两者最终都会调用到核心函数__alloc_pages_nodemask,下面详述该函数的处理流程。
struct page *
__alloc_pages_nodemask(gfp_t gfp_mask, unsigned int order,
struct zonelist *zonelist, nodemask_t *nodemask)
{
enum zone_type high_zoneidx = gfp_zone(gfp_mask);
struct zone *preferred_zone;
struct page *page;
int migratetype = allocflags_to_migratetype(gfp_mask);//由于gfp flag和migrate type不是一一对应的关系,在此进行转换
gfp_mask &= gfp_allowed_mask;
lockdep_trace_alloc(gfp_mask);
might_sleep_if(gfp_mask & __GFP_WAIT);//如果此次内存分配可以等待(睡眠),那么再深入判断此task是否可以被调度,如果是将主动schedule
if (should_fail_alloc_page(gfp_mask, order))//打开CONFIG_FAIL_PAGE_ALLOC调试配置选项时,为分配失败调试做准备
return NULL;
/*
* Check the zones suitable for the gfp_mask contain at least one
* valid zone.
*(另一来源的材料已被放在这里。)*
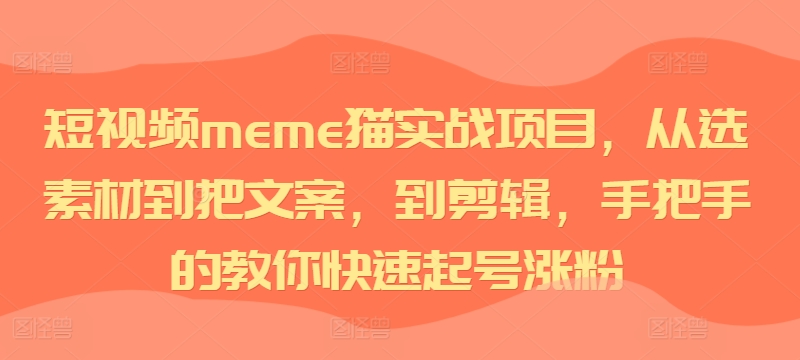 短视频meme猫实战项目,从选素材到把文案,到剪辑,手把手的教你快速起号涨粉-青禾学社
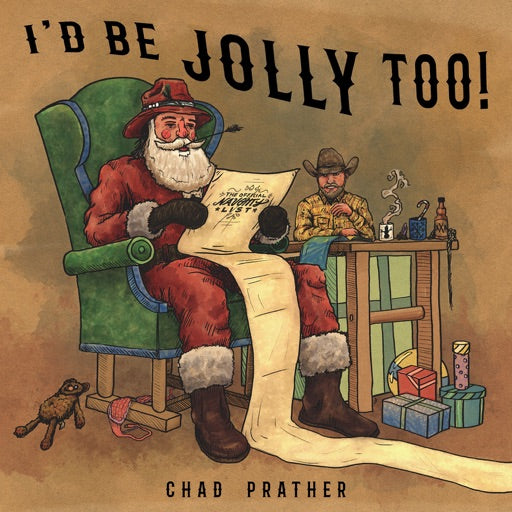 Chad Prather - I'd Be Jolly Too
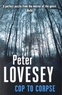 Peter Lovesey - Cop to Corpse.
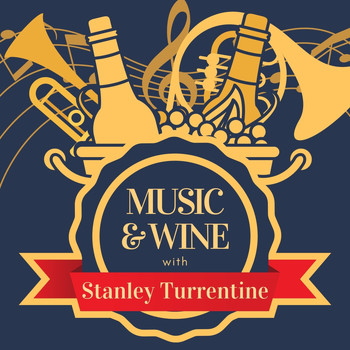 Stanley Turrentine - Music & Wine with Stanley Turrentine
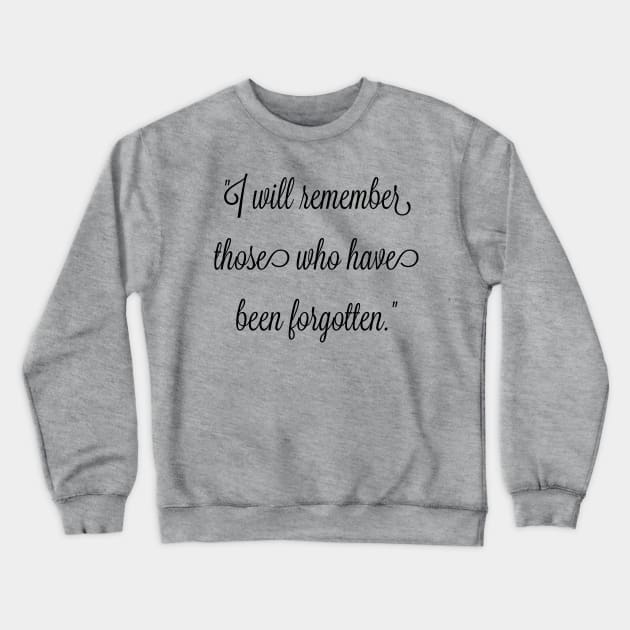 I will remember those who have been forgotten. Crewneck Sweatshirt by FitMeClothes96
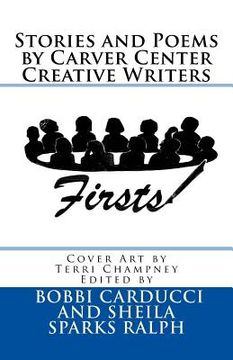 portada Firsts: Stories and Poems By Carver Center Creative Writers (en Inglés)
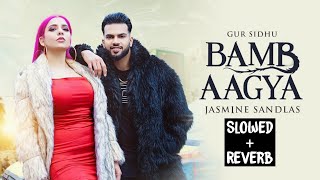 BAMB AAGYA (Slowed and Reverb) Gur Sidhu | Jasmine Sandlas | Kaptaan |New Punjabi Song 2022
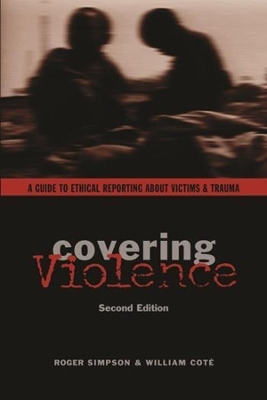 Covering Violence: A Guide to Ethical Reporting About Victims & Trauma by Roger Simpson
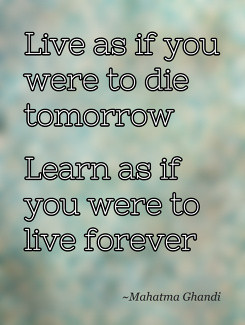 ... to die tomorrowLearn as if you were to live forever Mahatma Ghandi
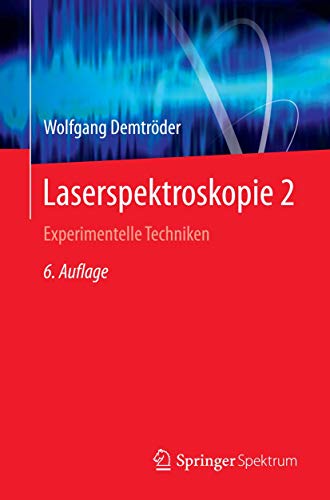 Laserspektroskopie 2: Experimentelle Techniken von Springer Spektrum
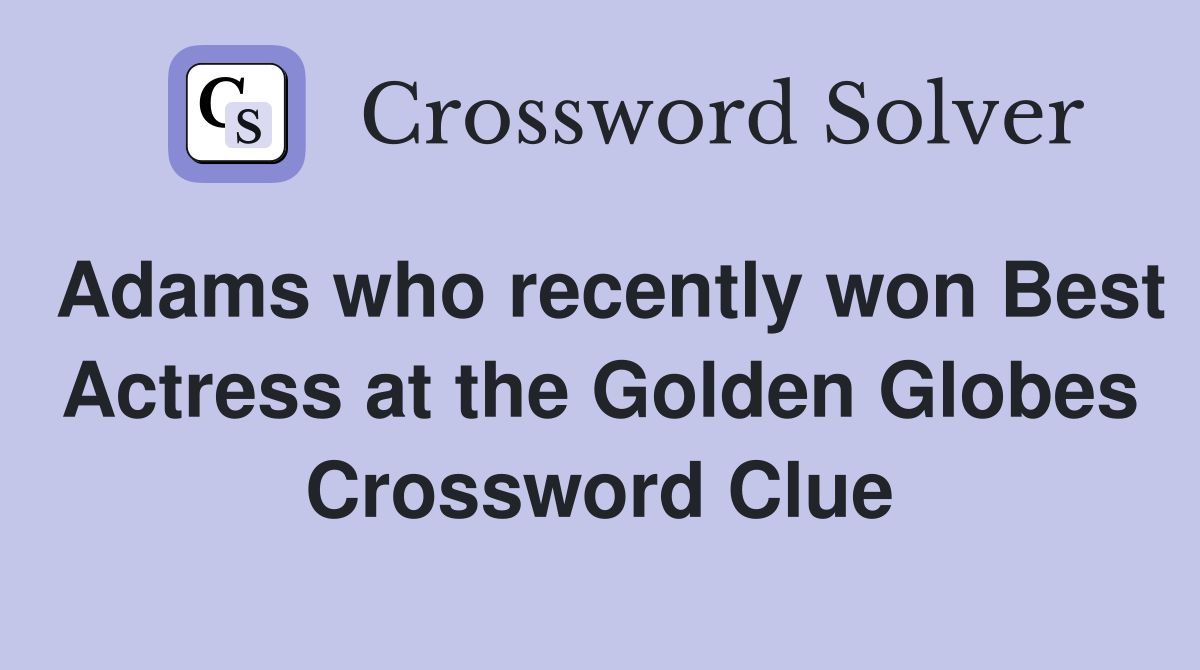 Adams who recently won Best Actress at the Golden Globes Crossword Clue
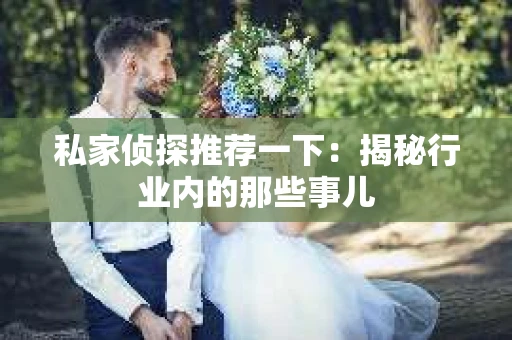 私家侦探推荐一下：揭秘行业内的那些事儿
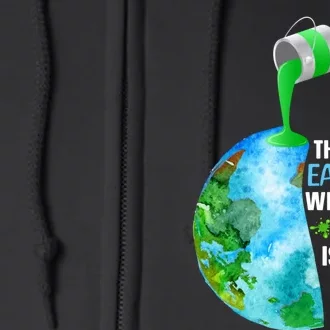 The Earth Without Art Is Just EH Full Zip Hoodie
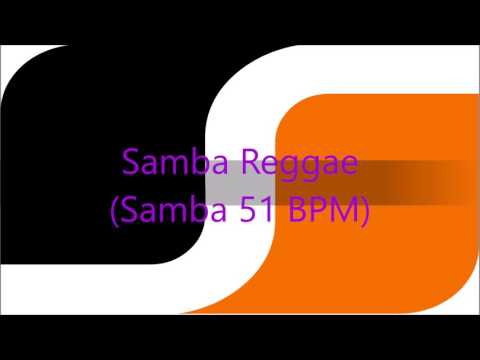 Samba Reggae (Samba 51 BPM)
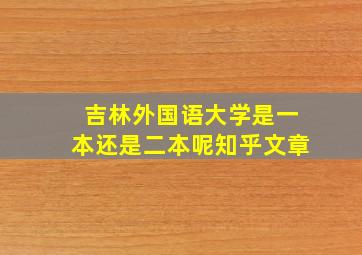 吉林外国语大学是一本还是二本呢知乎文章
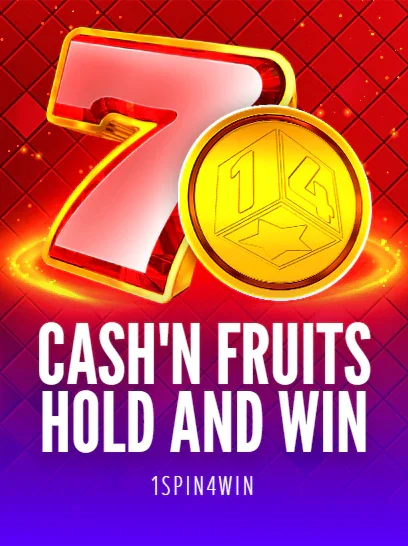 Cash'n Fruits Hold and Win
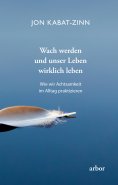 eBook: Wach werden und unser Leben wirklich leben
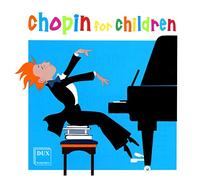 Marek Drewnowski / Tomasz Pawowski / Karol Radziwonowicz: Chopin dla ucha malucha [CD]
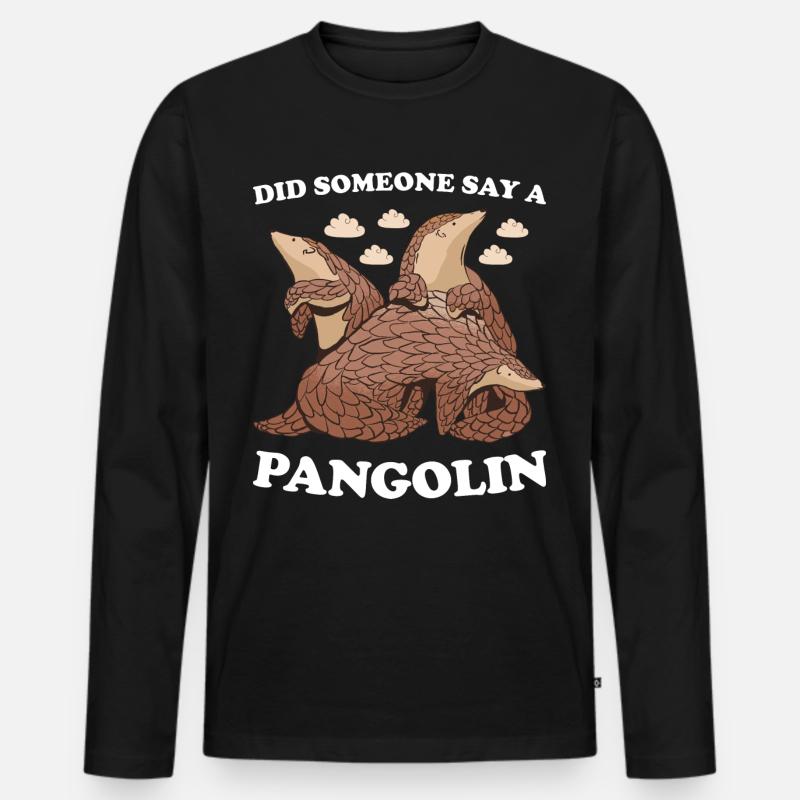Did Someone Say A Pangolin - Männer Premium Bio Langarmshirt - Schwarz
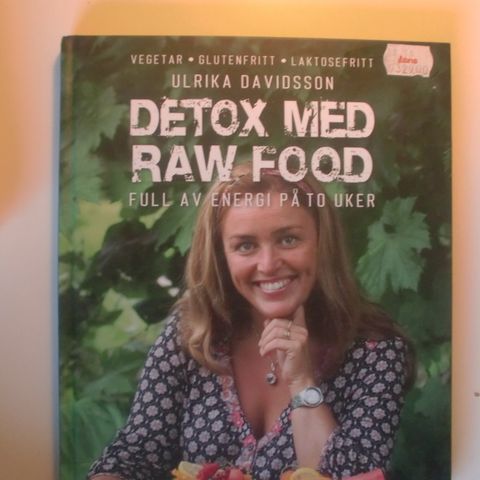 Detox med raw food  Full av energi på to uker Ulrika Davidsson . trn 97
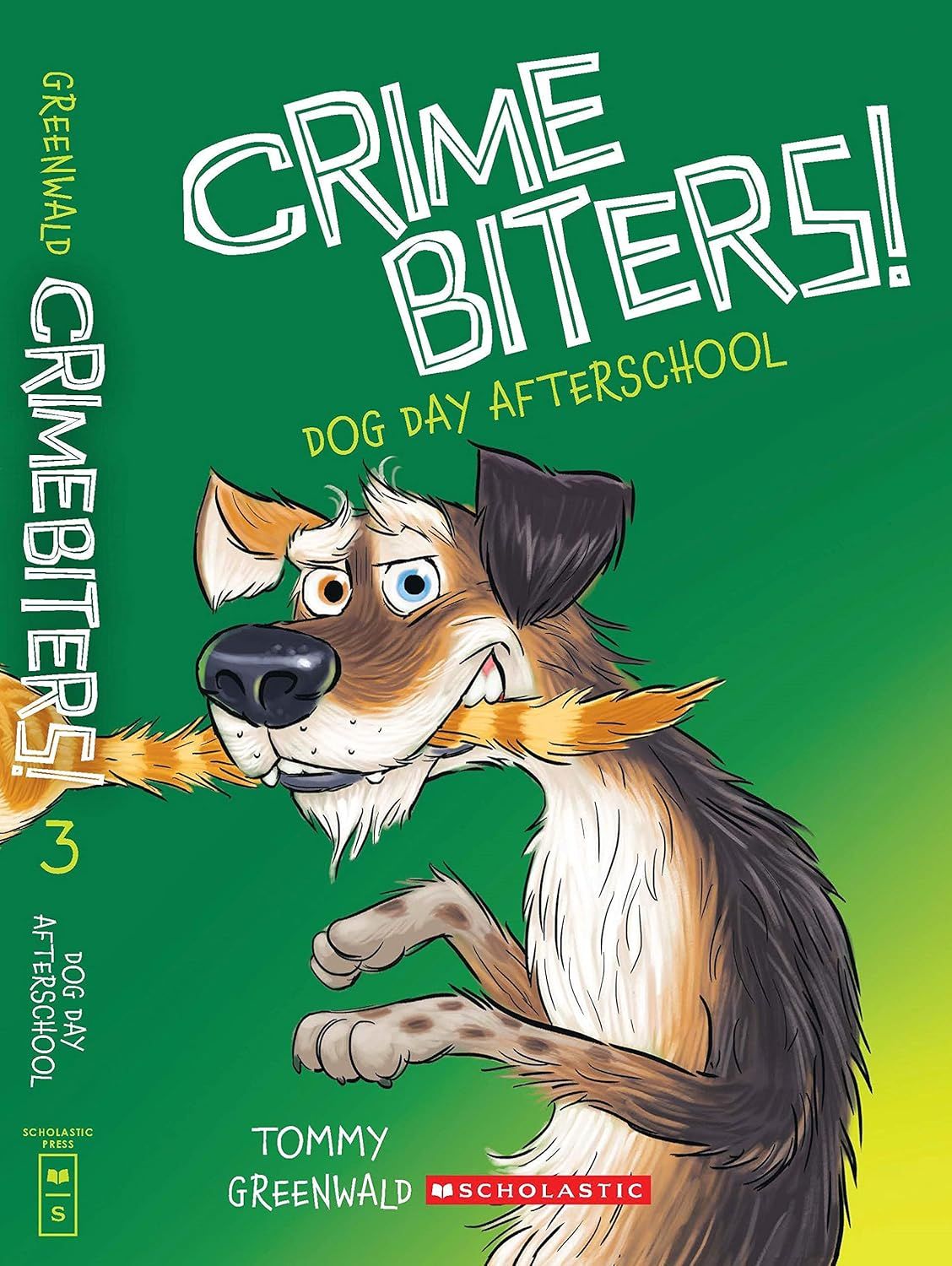 Crimebiters #3: Dog Day Afterschool by Tommy Greenwald. 2017 Hardcover. (Ch-FIC)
It's possible to have an empty zonelist as a result
* of GFP_THISNODE and a memoryless node
*/
if (unlikely(!zonelist->_zonerefs->zone))
return NULL;
get_mems_allowed();//锁定分配策略,防止被修改
/* The preferred zone is used for statistics later */
first_zones_zonelist(zonelist, high_zoneidx, nodemask, &preferred_zone);//搜索可用的zone保存在preferred_zone
if (!preferred_zone) {//如果没有可用的zone,释放分配策略,返回
put_mems_allowed();
return NULL;
}
/* First allocation attempt */
//快速路径分配,指定了cpu亲和性和选择高水线区,check zonelist,找到合适的zone,check水线值,
//如果不满足水线值要求,启动回收机制,最后调用它再buffered_rmqueue在该zone分配内存
page = get_page_from_freelist(gfp_mask|__GFP_HARDWALL, nodemask, order,
zonelist, high_zoneidx, ALLOC_WMARK_LOW|ALLOC_CPUSET,
preferred_zone, migratetype);
if (unlikely(!page))//上面分配失败,开始从slowpath分配,会启动回收机制,并且降低水线值,再次调用快速路径分配
page = __alloc_pages_slowpath(gfp_mask, order,
zonelist, high_zoneidx, nodemask,
preferred_zone, migratetype);
put_mems_allowed();//释放策略
trace_mm_page_alloc(page, order, gfp_mask, migratetype);//调试使用
return page;
}
/*
* get_page_from_freelist goes through the zonelist trying to allocate
* a page.
*/
static struct page *
get_page_from_freelist(gfp_t gfp_mask, nodemask_t *nodemask, unsigned int order,
struct zonelist *zonelist, int high_zoneidx, int alloc_flags,
struct zone *preferred_zone, int migratetype)
{
struct zoneref *z;
struct page *page = NULL;
int classzone_idx;
struct zone *zone;
nodemask_t *allowednodes = NULL;/* zonelist_cache approximation */
int zlc_active = 0; /* set if using zonelist_cache */
int did_zlc_setup = 0; /* just call zlc_setup() one time */
classzone_idx = zone_idx(preferred_zone);
zonelist_scan:
/*
* Scan zonelist, looking for a zone with enough free.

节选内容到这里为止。